The Bank of England’s current policy of pumping currency into the economy and maintaining interest rates at 0.5% is expected to continue until the final quarter of next year in order to balance low inflation and counter a likely increase in taxes, according to the latest Business Trends report by accountants and business advisers BDO Stoy Hayward LLP.
The BDO Inflation Index shows that, despite historically low interest rates and the unprecedented quantitative easing programme, price pressures in the economy remain low.
The index edged up in August to 92.0 from 91.0 in July and if inflationary pressures remain subdued as expected, Mervyn King will have licence to print more money and keep interest rates at 0.5% well into 2010.
In addition, the Output and Optimism indices, which measure short run turnover expectations and business confidence, point to an imminent end to the recession in Q3, with both indicators rising above the crucial 95 mark which indicates expansion ahead.

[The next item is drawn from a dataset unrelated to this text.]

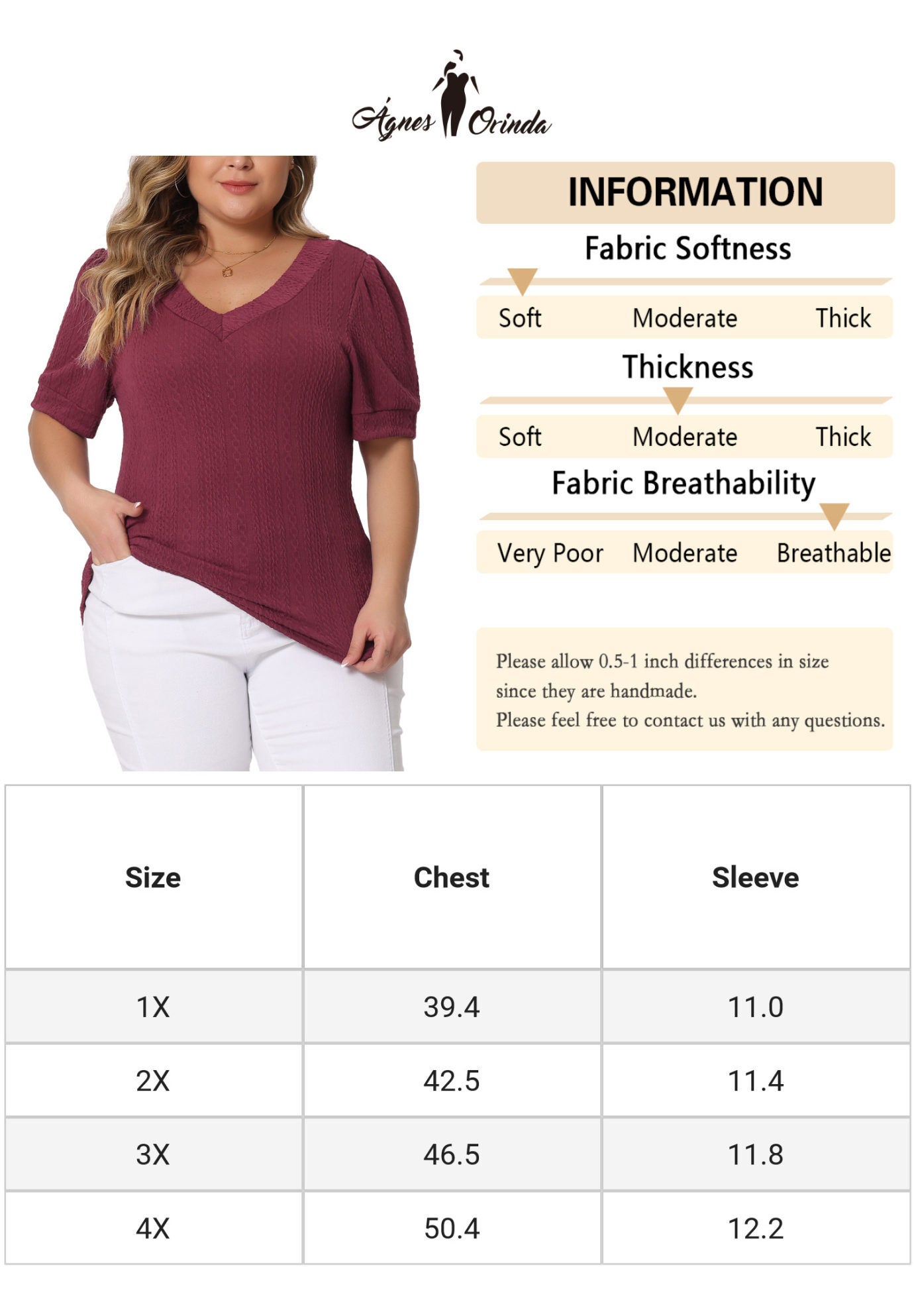 DEEP V NECK SHORT SLEEVE T-SHIRT CASUAL TOP, Burgundy / Red, alternate image number 4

Output and optimism for the manufacturing sector have climbed from a record low of 79.4 in March to 95.4 in August, signalling growth in the sector for the first time since July 2008.
Kim Hayward, partner at BDO Stoy Hayward in Southampton, said: “The fiscal deficit is expected to reach 14% of GDP so the Chancellor will believe that his key challenge for 2010 will be to address this. We are already seeing Alistair Darling move to plug the black hole, raising fuel duty by 2p and increasing VAT by 2.5% from 1st January 2010.
“However, there are very significant risks to this in a period when the economy is still very fragile. Consumer spending has helped keep the economy afloat but the Chancellor will have to throw consumers a life raft in 2010. This means a continuation of quantitative easing and low interest rates is almost inevitable.”